*** Begin section ***
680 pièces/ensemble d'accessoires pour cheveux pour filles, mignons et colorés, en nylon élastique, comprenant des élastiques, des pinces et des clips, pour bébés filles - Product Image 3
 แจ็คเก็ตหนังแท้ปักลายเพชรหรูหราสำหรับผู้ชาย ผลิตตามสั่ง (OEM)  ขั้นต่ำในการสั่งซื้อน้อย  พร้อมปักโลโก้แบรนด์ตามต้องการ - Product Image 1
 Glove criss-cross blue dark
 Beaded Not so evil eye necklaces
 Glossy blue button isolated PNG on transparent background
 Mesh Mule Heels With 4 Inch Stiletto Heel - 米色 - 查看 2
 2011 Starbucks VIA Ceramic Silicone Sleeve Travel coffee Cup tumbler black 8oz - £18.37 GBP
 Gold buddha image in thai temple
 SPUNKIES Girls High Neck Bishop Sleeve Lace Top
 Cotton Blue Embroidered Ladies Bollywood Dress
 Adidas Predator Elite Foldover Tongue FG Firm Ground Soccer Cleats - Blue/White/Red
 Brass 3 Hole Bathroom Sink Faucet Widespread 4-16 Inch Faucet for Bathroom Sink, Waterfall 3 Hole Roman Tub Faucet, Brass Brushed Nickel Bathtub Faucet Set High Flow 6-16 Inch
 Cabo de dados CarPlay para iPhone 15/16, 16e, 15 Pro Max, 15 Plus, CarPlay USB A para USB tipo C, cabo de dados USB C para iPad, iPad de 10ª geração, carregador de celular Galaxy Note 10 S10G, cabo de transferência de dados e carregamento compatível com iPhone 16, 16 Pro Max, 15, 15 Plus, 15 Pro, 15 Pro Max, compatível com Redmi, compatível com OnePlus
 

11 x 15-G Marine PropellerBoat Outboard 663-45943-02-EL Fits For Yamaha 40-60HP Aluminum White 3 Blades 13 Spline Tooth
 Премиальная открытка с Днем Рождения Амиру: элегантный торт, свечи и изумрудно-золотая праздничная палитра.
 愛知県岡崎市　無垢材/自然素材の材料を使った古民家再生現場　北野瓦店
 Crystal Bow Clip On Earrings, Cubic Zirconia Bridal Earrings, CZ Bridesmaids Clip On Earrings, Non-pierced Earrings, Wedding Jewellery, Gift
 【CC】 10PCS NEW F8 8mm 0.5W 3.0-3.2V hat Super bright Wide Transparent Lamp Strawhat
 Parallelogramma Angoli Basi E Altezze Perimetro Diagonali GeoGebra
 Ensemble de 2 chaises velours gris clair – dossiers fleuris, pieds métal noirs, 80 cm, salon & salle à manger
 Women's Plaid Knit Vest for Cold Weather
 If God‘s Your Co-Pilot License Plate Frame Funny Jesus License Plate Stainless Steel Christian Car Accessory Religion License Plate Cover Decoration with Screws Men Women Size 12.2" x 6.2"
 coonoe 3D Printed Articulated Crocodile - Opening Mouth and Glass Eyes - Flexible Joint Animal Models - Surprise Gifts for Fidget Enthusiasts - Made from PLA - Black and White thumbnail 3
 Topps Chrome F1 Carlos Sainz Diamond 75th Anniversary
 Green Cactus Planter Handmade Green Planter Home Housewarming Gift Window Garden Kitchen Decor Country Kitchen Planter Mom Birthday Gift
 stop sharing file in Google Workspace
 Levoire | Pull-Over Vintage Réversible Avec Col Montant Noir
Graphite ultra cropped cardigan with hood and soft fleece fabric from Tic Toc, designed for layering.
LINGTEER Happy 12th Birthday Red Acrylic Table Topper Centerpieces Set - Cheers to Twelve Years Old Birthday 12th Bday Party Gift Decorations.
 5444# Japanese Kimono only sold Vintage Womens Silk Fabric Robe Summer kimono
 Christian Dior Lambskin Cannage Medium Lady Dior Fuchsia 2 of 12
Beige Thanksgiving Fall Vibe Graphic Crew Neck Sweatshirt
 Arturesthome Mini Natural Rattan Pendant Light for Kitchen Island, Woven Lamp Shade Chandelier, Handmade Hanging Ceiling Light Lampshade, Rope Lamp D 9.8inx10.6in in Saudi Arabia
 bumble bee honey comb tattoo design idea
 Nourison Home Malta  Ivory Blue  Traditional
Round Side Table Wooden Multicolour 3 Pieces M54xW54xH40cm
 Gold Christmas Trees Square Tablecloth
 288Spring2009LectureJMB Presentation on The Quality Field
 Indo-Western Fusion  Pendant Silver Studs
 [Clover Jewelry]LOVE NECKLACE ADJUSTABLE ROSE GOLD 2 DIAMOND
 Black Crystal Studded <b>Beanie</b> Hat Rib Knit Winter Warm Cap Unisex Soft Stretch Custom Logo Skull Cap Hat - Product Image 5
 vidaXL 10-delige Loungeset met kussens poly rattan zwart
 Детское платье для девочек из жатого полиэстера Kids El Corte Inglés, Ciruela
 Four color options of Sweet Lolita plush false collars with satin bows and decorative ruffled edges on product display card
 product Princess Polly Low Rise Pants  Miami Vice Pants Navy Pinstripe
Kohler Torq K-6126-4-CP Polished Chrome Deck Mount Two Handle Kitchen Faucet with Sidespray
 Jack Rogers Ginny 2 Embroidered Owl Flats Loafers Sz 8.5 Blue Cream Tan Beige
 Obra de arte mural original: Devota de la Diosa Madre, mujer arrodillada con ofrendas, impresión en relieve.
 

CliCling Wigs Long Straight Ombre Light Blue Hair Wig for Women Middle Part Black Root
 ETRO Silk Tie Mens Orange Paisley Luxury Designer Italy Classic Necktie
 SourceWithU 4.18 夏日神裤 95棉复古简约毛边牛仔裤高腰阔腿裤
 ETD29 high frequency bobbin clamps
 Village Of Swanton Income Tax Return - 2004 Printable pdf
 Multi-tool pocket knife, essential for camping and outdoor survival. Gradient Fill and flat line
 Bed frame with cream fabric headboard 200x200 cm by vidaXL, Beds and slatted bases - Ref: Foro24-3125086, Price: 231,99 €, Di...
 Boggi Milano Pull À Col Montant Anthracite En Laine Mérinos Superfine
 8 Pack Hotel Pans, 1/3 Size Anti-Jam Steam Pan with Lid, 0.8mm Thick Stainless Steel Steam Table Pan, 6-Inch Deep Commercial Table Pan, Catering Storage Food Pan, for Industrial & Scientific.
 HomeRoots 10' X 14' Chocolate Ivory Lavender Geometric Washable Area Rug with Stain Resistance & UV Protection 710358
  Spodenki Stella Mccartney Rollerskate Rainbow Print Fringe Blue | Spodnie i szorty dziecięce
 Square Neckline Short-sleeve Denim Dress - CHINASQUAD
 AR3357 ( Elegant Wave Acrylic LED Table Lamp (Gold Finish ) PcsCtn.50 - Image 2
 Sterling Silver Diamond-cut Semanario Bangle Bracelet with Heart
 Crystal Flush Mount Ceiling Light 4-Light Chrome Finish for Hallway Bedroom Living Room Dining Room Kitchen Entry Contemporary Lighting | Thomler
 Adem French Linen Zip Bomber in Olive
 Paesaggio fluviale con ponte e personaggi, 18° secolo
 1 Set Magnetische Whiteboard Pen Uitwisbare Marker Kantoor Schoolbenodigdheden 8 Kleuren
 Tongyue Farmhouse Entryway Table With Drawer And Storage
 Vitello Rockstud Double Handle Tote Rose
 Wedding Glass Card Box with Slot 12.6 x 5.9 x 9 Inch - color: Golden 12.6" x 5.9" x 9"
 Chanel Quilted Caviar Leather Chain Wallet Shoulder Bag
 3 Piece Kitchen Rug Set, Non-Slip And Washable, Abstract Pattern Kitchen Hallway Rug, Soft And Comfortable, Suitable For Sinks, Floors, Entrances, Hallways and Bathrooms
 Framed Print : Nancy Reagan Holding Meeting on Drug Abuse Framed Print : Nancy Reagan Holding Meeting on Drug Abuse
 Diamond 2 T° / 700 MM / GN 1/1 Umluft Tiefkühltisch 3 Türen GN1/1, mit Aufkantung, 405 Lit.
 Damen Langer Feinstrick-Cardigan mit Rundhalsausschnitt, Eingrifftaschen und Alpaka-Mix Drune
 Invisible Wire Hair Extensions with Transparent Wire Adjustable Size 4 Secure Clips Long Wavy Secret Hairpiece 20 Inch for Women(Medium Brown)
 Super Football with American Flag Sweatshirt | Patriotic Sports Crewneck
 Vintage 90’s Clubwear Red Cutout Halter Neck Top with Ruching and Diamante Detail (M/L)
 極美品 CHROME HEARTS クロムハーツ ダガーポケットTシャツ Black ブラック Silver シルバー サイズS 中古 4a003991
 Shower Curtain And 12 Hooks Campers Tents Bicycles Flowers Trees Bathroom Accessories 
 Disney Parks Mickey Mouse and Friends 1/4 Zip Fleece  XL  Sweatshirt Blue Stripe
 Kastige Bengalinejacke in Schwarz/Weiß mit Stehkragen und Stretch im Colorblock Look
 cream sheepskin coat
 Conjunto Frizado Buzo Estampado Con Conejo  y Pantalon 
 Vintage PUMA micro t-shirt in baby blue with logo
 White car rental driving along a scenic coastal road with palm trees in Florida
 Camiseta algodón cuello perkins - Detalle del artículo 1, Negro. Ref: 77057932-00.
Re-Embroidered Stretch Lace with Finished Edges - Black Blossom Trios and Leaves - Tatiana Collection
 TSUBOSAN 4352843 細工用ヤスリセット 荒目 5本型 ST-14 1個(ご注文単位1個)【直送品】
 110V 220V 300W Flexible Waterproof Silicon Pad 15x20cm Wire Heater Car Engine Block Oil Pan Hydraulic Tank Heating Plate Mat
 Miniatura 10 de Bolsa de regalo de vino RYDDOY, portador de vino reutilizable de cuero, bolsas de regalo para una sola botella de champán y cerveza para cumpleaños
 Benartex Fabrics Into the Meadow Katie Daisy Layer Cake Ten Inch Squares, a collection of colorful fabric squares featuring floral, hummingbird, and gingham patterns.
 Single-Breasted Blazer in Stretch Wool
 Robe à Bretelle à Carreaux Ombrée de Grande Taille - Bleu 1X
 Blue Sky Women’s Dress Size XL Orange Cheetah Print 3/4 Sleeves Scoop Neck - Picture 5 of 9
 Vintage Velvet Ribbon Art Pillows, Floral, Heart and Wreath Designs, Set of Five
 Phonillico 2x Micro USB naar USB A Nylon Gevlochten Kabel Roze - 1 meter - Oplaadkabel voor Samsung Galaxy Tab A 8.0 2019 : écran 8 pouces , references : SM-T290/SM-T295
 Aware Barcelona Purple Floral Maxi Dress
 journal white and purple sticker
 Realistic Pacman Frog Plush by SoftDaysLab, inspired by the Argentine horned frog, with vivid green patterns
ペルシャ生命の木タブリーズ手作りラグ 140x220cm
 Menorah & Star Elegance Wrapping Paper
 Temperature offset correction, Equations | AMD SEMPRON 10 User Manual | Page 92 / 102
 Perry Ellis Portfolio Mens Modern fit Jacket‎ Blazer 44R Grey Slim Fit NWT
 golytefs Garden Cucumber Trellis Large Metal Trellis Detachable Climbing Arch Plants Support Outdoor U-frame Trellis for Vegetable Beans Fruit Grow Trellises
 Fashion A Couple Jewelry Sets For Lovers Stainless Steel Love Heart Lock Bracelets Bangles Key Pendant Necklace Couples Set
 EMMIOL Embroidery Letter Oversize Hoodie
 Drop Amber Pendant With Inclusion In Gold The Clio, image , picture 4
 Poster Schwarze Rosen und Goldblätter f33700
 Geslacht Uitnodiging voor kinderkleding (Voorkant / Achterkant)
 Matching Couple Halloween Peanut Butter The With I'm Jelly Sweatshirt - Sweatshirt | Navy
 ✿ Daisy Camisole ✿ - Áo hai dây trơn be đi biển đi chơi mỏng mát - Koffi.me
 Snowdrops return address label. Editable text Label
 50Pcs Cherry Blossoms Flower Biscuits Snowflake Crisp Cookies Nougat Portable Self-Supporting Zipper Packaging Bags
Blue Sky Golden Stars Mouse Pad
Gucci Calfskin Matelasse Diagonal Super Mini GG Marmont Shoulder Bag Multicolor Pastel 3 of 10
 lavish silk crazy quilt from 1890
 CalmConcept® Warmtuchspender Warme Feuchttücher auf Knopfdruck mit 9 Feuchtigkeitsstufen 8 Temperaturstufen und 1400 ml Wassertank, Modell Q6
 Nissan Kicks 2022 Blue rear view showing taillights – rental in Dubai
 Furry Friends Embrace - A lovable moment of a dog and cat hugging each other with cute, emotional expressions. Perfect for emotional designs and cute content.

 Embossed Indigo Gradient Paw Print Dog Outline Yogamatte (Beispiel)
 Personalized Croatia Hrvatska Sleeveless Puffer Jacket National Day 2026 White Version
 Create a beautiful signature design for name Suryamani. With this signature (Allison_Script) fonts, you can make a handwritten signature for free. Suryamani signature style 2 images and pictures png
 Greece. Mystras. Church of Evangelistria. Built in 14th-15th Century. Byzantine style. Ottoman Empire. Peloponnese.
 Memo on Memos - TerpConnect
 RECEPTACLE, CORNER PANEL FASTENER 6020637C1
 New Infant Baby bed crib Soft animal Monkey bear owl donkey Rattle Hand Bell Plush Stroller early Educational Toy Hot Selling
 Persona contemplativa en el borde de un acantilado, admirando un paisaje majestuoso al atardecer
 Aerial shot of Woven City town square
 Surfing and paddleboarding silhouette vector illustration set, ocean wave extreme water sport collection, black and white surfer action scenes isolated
*** End section ***
● **EXERCISE**
Within the entries, determine the count of lines containing the string "Pull" and output it alone.

● **OUTPUT OF THE EXERCISE**
2